▶ _TASK GOAL_
Restate word for word the lines of the records below, starting at the line that contains "Olio extravergine d'oliva" and ending at the line that contains "close-up of two", with both of those lines included and nothing else.

▶ _INPUT MATERIAL_
==========

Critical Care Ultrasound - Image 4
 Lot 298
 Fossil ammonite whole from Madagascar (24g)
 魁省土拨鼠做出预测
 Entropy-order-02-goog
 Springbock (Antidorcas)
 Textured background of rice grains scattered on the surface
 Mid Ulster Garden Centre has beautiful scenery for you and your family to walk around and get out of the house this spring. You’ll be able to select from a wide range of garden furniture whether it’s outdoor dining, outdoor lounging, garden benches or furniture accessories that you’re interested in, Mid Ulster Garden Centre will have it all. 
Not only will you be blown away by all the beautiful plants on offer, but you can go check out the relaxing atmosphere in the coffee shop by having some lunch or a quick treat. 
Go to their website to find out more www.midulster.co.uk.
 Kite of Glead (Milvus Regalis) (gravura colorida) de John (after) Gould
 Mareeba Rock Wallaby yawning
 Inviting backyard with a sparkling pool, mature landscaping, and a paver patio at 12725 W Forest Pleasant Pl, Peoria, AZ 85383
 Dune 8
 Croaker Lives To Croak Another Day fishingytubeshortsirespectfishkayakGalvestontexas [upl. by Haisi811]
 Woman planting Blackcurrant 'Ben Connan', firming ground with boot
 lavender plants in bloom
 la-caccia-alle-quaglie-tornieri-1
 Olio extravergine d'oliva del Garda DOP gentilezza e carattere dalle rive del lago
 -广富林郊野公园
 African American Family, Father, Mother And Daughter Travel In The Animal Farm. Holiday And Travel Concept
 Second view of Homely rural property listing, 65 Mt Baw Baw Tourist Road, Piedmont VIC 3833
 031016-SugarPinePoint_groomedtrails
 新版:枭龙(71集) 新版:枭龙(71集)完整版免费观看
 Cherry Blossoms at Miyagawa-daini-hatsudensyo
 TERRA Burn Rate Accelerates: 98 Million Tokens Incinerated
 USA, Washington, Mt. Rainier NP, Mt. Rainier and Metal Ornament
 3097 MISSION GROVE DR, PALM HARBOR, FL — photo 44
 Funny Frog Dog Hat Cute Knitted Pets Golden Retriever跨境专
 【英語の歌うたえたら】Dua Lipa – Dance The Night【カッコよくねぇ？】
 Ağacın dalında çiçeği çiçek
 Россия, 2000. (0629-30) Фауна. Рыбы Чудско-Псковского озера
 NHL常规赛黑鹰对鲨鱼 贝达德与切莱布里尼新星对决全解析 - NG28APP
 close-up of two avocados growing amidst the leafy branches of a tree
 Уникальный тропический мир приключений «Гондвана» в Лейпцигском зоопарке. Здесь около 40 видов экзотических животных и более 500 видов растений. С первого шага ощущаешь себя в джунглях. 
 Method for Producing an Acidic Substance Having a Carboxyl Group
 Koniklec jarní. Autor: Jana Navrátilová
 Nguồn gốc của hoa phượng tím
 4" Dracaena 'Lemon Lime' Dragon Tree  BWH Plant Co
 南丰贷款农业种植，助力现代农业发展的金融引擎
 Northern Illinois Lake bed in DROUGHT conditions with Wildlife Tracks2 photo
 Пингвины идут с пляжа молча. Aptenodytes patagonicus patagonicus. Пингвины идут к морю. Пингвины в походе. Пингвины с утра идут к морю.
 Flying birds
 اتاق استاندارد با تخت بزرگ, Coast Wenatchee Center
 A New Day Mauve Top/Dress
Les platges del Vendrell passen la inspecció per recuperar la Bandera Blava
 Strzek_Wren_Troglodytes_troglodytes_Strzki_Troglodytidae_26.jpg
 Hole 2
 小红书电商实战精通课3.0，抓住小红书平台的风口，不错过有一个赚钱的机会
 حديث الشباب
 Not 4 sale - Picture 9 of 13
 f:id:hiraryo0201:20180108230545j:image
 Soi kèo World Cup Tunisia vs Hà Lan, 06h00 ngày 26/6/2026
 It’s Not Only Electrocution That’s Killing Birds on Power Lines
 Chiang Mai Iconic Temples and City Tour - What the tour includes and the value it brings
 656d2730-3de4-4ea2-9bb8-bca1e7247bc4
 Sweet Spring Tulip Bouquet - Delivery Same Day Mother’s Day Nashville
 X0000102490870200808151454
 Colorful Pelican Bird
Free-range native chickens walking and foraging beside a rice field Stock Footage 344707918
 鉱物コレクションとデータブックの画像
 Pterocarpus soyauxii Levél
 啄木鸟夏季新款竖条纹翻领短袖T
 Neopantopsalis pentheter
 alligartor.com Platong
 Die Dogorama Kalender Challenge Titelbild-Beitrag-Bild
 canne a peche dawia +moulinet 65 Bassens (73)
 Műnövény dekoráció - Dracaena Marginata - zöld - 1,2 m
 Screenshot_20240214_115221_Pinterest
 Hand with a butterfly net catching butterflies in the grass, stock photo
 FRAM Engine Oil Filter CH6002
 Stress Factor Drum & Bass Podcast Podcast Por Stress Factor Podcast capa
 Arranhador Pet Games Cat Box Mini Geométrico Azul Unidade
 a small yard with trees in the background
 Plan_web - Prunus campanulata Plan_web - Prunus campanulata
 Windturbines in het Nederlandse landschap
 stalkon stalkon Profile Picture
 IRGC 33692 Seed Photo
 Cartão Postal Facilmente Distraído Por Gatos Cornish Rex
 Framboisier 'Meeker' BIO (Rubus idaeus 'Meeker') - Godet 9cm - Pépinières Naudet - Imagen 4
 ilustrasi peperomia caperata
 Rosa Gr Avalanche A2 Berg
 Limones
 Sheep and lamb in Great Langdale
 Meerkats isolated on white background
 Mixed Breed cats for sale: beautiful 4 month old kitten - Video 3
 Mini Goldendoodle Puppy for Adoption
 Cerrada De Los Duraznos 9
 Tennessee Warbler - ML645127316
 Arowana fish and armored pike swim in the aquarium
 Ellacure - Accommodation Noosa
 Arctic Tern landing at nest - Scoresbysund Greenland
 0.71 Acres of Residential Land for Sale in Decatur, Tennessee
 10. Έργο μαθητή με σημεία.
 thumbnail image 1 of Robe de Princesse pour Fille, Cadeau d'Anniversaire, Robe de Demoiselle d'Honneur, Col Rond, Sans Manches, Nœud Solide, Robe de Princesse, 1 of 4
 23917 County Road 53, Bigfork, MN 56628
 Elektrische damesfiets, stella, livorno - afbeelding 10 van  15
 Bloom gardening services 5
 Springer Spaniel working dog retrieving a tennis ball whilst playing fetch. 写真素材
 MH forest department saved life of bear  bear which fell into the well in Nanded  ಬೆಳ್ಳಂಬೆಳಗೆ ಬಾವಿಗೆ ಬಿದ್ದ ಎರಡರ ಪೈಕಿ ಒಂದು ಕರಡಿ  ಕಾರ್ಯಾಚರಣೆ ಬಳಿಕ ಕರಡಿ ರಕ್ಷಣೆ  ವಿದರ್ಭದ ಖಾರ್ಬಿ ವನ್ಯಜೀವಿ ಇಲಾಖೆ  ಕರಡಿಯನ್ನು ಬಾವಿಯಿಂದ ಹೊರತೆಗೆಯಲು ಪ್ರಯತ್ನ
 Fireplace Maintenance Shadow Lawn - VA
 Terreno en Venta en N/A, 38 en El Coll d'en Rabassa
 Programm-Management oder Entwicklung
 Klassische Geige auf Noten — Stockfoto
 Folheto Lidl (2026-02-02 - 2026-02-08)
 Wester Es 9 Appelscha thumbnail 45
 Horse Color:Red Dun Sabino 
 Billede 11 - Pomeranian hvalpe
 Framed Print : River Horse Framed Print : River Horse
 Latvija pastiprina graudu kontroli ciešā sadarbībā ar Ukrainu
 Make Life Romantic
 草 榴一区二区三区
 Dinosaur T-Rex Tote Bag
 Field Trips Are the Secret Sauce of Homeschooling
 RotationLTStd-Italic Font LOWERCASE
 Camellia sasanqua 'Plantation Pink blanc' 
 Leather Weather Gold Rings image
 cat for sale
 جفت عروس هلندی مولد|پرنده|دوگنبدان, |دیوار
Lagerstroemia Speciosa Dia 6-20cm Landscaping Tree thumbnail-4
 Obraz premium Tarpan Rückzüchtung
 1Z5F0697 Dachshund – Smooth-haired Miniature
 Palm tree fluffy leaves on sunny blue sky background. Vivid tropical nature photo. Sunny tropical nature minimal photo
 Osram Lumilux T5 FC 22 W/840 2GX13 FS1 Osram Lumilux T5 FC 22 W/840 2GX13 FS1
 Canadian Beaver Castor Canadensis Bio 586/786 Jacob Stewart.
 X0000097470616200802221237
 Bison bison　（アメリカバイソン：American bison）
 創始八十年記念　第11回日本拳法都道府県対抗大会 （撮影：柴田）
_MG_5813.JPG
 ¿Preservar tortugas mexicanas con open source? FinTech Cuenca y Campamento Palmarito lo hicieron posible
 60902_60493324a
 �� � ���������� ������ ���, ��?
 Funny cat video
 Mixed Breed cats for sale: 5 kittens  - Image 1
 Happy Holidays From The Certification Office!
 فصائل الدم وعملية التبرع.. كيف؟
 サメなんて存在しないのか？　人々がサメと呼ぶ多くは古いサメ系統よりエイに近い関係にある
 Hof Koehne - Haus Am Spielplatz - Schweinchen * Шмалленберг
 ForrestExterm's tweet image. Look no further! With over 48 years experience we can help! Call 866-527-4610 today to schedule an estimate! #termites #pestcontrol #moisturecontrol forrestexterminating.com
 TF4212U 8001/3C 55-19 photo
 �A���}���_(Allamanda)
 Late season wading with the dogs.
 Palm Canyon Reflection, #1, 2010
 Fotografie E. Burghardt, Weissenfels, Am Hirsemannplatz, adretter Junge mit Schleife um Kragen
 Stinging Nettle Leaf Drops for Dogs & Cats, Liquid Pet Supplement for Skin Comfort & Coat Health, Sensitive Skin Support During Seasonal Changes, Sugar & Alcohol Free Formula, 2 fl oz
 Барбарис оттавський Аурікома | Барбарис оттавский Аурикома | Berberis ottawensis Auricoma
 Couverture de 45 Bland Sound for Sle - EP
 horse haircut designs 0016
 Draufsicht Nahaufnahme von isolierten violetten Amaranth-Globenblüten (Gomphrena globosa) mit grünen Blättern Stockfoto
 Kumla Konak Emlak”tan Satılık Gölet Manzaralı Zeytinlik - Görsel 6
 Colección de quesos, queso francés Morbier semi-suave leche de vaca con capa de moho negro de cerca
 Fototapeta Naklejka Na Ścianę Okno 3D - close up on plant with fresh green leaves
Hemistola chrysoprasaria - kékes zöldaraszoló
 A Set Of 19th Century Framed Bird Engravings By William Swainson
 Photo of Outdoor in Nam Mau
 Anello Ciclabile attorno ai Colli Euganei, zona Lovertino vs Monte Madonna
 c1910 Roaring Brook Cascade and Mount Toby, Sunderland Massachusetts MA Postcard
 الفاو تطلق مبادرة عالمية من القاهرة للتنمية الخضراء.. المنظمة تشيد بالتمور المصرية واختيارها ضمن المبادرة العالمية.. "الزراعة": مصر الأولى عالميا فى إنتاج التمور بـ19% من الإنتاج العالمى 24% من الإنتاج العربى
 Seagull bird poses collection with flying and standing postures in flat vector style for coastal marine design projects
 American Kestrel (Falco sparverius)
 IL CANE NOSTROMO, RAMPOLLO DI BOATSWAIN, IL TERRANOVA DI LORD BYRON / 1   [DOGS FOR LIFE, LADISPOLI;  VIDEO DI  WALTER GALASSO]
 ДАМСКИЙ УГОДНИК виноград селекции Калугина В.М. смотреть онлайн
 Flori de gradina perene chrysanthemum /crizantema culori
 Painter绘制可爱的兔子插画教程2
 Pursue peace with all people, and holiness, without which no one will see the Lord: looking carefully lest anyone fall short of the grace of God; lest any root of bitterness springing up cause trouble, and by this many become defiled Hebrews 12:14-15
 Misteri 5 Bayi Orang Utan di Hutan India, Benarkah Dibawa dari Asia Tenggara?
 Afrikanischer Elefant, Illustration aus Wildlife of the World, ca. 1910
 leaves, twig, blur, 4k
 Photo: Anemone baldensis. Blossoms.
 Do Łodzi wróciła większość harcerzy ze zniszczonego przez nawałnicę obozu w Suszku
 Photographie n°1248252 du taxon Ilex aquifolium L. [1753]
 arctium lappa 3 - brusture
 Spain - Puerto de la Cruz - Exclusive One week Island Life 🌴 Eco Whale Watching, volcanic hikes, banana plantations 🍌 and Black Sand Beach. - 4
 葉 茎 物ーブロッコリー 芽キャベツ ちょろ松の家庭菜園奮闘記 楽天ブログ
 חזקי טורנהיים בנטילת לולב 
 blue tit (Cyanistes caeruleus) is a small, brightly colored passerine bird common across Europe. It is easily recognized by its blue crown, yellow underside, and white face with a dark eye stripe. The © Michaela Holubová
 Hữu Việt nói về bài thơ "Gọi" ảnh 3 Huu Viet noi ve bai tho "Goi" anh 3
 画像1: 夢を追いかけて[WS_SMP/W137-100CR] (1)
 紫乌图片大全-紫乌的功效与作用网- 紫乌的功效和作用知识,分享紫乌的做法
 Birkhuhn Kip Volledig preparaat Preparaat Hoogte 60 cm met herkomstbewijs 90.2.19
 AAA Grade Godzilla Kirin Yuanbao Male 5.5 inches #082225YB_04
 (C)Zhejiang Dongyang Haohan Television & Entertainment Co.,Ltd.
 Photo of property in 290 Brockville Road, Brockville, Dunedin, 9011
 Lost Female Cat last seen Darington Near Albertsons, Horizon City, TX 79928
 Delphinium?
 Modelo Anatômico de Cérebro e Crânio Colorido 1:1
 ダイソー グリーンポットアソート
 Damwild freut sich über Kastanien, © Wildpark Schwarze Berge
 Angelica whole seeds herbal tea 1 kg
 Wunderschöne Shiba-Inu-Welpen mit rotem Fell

==========

▶ _PROBLEM SOLUTION_
 Olio extravergine d'oliva del Garda DOP gentilezza e carattere dalle rive del lago
 -广富林郊野公园
 African American Family, Father, Mother And Daughter Travel In The Animal Farm. Holiday And Travel Concept
 Second view of Homely rural property listing, 65 Mt Baw Baw Tourist Road, Piedmont VIC 3833
 031016-SugarPinePoint_groomedtrails
 新版:枭龙(71集) 新版:枭龙(71集)完整版免费观看
 Cherry Blossoms at Miyagawa-daini-hatsudensyo
 TERRA Burn Rate Accelerates: 98 Million Tokens Incinerated
 USA, Washington, Mt. Rainier NP, Mt. Rainier and Metal Ornament
 3097 MISSION GROVE DR, PALM HARBOR, FL — photo 44
 Funny Frog Dog Hat Cute Knitted Pets Golden Retriever跨境专
 【英語の歌うたえたら】Dua Lipa – Dance The Night【カッコよくねぇ？】
 Ağacın dalında çiçeği çiçek
 Россия, 2000. (0629-30) Фауна. Рыбы Чудско-Псковского озера
 NHL常规赛黑鹰对鲨鱼 贝达德与切莱布里尼新星对决全解析 - NG28APP
 close-up of two avocados growing amidst the leafy branches of a tree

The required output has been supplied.